I watch videos of when you were a chubby baby and I thought that would make me yearn for another newborn to snuggle, but all it makes me want to do is go back in time for 5 minutes to snuggle you again. At this point I don't want ANOTHER baby, I just want to relive YOU as a baby again.

The idea of going through those first few months with a newborn and ALSO having a toddler makes my palms sweat. But sometimes I close my eyes and remember the moment I first saw your face or the first time I heard you laugh and I have this twisting in my stomach that tells me I KNOW I will do it again. I just don't know when.

You still undeniably have my eyes, but as your face becomes less the round cherubic face of a baby and more the lean face of a child, the fact that you are your father's daughter is overwhelming. You look less and less like me and more and more like him every day. The eyes are mine, but everything else about you is him.

Your hair is the lightest shade of brown (the longer it gets, the lighter it seems, and I cannot believe that last summer you had dark hair and that I was convinced you were going to be brunette) and your eyes are still the same dark blue as the day you were born, but now they have the faintest flecks of brown around the pupil.

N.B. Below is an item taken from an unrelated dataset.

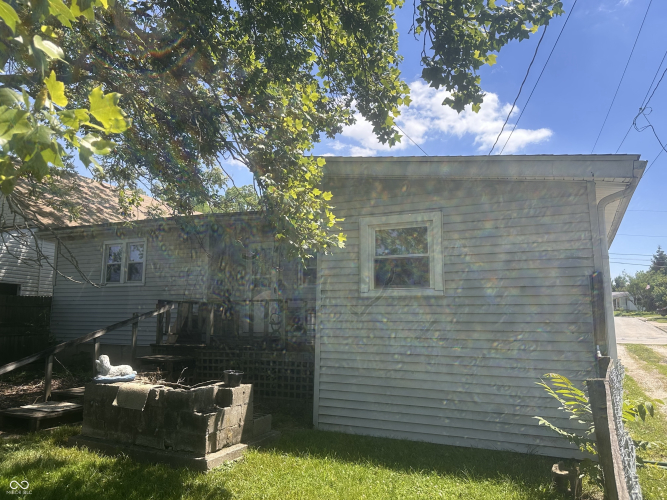 Listing Image 5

I'll give it until your second birthday until we really determine what color they are.

You love to dance and listen to music. You turn in circles to "Ring Around The Rosy" and clap your hands to "If You're Happy and You Know it." We've been going to a music class on Wednesday mornings where you shake maracas and march around the room. You mostly just love to be around the other children...

You LOVE other kids. You stare and point and laugh in their presence or often you walk right up to another kid and just stand right in front of them as it seems this is your understanding of how to make friends.You try to share your toys with unsuspecting kids who may not want to play with you, which almost breaks my heart with how pure and unashamed the action is and because I want EVERYONE to want to be your friend.

You love to give kisses. You kiss everyone I tell you to. You give your dad a kiss, then turn your head to me for a kiss, then back and forth. You kiss your stuffed animals then pretend they are kissing each other. I had no idea a kid so young could pretend things like that, but you also like to pretend to give your babies bottles (it's amazing how girls are little mommies right from the beginning) or you pretend to put sunblock on me as I put it on you or you hold objects up to your ear like they are a phone and say "hiiiiiii."

We finished breast feeding on your birthday. I was so worried that it would affect your nighttime sleep, but you could not have possibly cared less. I am confident that it was the absolute right time to stop now. You had gotten so wiggly and you would pinch me and slap me, I can't imagine still doing it at this point. And now you are chugging whole milk like a champ.

You love Elmo more than life itself. Nothing else captivates you like putting Elmo's World on TV. I have nothing to expand on here, I just figured it was worth noting for my own memories.

You still love being outside. You love to go to the playground and climb to the top of the slide. The anticipation of going down is more fun for you than actually sliding. But you go down holding my hand. You love to swing and play in the sandbox. You love playing in the water. I can't wait to take you to the pool and the beach this summer because you don't mind getting your face and head wet and you don't care how cold it is. You just want to be in the water. You take my hand and put it in saying "posh (splash)."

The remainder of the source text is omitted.